→ What you are asked to do
In the entries below, find the line with "Origami Panda Pendant 1" and print exactly every line from there up to and including the line with "Lumbung Langit Bali", with no other lines.

→ Given information
——————

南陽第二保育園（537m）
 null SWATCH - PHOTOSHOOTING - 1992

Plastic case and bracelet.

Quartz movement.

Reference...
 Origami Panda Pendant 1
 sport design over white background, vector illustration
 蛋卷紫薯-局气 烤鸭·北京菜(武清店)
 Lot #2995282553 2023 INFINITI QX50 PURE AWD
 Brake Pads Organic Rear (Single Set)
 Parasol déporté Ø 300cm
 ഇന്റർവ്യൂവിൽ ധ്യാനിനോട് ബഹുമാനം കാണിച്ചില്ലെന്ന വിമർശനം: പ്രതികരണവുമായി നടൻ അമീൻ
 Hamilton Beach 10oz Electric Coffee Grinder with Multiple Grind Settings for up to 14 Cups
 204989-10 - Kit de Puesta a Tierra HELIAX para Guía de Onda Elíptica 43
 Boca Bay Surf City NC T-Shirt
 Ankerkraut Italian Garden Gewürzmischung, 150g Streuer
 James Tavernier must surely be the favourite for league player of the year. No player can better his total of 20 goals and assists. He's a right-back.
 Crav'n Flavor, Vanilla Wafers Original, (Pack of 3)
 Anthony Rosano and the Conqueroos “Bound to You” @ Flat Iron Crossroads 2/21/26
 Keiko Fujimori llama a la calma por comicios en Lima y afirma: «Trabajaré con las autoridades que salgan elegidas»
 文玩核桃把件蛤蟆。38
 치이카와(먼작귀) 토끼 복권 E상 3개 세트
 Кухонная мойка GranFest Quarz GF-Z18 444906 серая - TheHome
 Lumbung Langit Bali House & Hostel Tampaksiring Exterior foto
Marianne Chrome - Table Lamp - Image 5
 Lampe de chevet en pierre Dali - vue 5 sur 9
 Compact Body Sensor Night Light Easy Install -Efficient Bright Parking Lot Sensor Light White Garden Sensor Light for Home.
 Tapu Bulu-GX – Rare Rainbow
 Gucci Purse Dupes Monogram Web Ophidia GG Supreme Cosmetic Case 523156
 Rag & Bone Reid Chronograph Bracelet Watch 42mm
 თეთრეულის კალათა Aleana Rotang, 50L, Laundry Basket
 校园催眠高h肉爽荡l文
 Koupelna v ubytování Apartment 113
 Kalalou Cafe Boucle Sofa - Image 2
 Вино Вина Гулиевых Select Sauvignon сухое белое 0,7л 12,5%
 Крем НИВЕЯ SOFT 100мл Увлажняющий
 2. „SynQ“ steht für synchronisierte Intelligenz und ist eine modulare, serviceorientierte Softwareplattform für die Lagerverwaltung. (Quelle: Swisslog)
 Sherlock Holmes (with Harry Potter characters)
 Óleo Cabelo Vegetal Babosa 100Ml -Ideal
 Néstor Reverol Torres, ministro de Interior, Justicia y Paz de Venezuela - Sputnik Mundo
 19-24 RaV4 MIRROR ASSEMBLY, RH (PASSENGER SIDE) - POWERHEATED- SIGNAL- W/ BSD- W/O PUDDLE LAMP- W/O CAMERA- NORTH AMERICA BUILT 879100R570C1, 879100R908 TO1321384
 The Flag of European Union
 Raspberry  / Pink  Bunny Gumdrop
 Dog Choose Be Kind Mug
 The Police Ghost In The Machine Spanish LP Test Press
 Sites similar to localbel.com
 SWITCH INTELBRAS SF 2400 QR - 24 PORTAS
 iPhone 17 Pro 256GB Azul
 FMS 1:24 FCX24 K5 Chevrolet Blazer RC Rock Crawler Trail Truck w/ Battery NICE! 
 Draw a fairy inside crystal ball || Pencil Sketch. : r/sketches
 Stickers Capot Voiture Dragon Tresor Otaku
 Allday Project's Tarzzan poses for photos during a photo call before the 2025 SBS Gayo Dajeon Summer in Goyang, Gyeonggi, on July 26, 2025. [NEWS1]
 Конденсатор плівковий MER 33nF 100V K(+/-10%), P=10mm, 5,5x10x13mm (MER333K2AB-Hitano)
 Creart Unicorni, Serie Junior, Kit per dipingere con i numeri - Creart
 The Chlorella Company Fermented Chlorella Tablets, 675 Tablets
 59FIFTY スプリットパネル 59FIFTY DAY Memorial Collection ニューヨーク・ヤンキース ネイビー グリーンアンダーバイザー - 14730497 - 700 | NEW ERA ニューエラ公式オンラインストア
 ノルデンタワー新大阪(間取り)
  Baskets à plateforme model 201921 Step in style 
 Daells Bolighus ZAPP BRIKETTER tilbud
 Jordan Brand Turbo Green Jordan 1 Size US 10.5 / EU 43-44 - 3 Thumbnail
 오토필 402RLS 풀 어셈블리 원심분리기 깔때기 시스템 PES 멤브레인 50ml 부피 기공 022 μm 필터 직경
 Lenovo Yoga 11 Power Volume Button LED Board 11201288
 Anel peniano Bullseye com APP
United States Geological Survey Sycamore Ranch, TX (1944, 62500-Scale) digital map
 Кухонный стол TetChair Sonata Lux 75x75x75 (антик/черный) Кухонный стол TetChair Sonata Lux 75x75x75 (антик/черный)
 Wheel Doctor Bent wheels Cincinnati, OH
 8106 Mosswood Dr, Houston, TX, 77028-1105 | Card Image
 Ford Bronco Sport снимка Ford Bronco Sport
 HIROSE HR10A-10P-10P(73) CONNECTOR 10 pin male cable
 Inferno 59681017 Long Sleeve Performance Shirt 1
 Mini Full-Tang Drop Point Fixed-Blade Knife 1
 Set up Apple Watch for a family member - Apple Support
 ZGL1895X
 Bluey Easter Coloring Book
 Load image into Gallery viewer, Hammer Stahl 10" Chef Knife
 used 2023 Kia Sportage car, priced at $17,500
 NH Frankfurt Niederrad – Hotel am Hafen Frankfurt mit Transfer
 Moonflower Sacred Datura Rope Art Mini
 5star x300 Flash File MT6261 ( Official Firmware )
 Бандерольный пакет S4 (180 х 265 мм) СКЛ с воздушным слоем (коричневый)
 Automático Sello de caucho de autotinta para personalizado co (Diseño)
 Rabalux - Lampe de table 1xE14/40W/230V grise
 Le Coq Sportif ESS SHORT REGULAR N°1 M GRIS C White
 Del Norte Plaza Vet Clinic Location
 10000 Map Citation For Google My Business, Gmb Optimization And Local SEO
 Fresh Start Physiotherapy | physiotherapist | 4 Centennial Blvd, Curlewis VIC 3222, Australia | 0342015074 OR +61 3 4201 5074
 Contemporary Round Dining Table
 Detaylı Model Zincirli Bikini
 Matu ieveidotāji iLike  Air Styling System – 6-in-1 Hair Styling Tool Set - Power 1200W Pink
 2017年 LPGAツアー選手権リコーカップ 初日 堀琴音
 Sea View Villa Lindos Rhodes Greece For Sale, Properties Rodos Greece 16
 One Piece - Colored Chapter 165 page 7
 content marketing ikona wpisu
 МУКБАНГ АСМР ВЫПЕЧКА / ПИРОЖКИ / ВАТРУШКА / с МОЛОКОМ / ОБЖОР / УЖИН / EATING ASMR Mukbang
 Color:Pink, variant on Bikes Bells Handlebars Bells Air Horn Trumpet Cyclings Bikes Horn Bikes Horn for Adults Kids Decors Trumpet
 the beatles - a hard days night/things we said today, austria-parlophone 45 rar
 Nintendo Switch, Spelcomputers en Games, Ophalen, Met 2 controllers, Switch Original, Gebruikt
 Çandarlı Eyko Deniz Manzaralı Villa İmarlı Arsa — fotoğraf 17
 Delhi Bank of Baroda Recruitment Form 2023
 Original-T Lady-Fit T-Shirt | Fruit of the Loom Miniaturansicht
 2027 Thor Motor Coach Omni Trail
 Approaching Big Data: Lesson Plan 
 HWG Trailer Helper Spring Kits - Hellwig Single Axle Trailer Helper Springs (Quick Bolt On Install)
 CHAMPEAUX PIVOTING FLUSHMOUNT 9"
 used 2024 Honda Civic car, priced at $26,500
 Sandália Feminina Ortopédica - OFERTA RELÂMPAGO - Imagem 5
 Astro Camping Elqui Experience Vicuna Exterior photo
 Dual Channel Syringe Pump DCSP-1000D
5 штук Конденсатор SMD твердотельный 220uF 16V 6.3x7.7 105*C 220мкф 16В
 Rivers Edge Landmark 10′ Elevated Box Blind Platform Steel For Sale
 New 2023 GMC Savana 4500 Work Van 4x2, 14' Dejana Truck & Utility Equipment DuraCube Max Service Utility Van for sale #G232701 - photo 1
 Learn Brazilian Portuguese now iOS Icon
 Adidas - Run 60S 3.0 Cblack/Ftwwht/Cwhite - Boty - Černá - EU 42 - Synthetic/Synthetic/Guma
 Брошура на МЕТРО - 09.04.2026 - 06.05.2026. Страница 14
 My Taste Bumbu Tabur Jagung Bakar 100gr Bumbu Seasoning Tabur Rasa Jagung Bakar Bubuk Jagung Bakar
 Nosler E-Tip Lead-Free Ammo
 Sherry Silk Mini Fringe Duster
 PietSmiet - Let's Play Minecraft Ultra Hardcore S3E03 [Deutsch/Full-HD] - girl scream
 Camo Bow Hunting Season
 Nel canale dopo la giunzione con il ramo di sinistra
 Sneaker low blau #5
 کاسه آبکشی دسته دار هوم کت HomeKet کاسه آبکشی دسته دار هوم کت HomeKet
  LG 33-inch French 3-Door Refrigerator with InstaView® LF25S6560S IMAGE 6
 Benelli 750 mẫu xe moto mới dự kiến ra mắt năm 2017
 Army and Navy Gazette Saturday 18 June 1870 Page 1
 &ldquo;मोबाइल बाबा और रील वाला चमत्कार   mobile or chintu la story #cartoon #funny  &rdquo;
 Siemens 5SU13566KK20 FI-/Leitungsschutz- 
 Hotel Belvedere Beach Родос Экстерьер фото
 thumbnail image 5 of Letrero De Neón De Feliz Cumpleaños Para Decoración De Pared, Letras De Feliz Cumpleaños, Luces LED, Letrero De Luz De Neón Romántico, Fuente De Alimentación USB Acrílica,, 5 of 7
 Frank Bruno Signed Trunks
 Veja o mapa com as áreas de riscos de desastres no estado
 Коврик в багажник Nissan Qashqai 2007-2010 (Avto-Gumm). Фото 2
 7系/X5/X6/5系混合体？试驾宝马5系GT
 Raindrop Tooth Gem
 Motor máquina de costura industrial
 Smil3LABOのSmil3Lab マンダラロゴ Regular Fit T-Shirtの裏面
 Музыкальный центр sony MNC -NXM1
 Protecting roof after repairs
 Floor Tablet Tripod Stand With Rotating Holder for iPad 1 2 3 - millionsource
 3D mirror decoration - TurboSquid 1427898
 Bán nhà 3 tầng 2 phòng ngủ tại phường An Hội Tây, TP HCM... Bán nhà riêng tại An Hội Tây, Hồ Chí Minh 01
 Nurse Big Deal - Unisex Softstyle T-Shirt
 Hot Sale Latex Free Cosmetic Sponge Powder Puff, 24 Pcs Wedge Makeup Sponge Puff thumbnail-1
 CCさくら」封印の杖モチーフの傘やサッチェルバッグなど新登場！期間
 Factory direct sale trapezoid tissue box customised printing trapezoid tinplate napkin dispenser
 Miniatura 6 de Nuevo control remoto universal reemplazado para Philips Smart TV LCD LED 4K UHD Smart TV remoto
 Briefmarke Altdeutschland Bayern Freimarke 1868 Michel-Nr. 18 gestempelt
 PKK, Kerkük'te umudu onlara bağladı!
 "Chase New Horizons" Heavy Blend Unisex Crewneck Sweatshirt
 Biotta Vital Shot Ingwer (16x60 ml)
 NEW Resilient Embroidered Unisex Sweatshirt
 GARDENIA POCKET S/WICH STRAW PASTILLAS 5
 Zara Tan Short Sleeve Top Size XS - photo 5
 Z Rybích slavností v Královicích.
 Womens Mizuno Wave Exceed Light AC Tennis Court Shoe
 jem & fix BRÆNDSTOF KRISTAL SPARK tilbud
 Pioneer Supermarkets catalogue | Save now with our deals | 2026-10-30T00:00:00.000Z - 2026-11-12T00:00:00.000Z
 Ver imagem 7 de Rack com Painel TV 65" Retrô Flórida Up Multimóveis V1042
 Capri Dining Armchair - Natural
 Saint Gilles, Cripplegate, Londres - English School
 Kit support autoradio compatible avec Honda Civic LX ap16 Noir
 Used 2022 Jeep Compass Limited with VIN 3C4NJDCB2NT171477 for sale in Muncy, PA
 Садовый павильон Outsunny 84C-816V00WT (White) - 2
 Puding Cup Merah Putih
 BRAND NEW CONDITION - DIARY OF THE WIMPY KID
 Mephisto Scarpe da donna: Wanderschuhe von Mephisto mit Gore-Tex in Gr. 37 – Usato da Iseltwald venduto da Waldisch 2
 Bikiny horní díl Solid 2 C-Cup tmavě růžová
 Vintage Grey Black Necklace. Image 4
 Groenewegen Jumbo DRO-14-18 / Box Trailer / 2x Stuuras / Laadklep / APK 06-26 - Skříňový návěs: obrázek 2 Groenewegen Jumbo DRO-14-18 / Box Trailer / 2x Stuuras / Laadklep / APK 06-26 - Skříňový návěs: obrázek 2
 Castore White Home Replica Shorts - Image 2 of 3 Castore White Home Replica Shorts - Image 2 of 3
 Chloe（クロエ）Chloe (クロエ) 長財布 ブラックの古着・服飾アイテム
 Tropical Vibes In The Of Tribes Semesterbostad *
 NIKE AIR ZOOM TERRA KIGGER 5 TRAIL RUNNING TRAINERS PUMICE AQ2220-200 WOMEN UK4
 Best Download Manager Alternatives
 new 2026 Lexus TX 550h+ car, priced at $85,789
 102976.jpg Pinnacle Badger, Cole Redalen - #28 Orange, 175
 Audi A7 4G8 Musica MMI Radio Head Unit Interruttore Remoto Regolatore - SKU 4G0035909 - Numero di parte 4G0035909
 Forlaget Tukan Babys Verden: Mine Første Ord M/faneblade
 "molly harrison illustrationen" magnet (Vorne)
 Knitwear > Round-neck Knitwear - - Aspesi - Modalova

——————

→ Answer to the problem
 Origami Panda Pendant 1
 sport design over white background, vector illustration
 蛋卷紫薯-局气 烤鸭·北京菜(武清店)
 Lot #2995282553 2023 INFINITI QX50 PURE AWD
 Brake Pads Organic Rear (Single Set)
 Parasol déporté Ø 300cm
 ഇന്റർവ്യൂവിൽ ധ്യാനിനോട് ബഹുമാനം കാണിച്ചില്ലെന്ന വിമർശനം: പ്രതികരണവുമായി നടൻ അമീൻ
 Hamilton Beach 10oz Electric Coffee Grinder with Multiple Grind Settings for up to 14 Cups
 204989-10 - Kit de Puesta a Tierra HELIAX para Guía de Onda Elíptica 43
 Boca Bay Surf City NC T-Shirt
 Ankerkraut Italian Garden Gewürzmischung, 150g Streuer
 James Tavernier must surely be the favourite for league player of the year. No player can better his total of 20 goals and assists. He's a right-back.
 Crav'n Flavor, Vanilla Wafers Original, (Pack of 3)
 Anthony Rosano and the Conqueroos “Bound to You” @ Flat Iron Crossroads 2/21/26
 Keiko Fujimori llama a la calma por comicios en Lima y afirma: «Trabajaré con las autoridades que salgan elegidas»
 文玩核桃把件蛤蟆。38
 치이카와(먼작귀) 토끼 복권 E상 3개 세트
 Кухонная мойка GranFest Quarz GF-Z18 444906 серая - TheHome
 Lumbung Langit Bali House & Hostel Tampaksiring Exterior foto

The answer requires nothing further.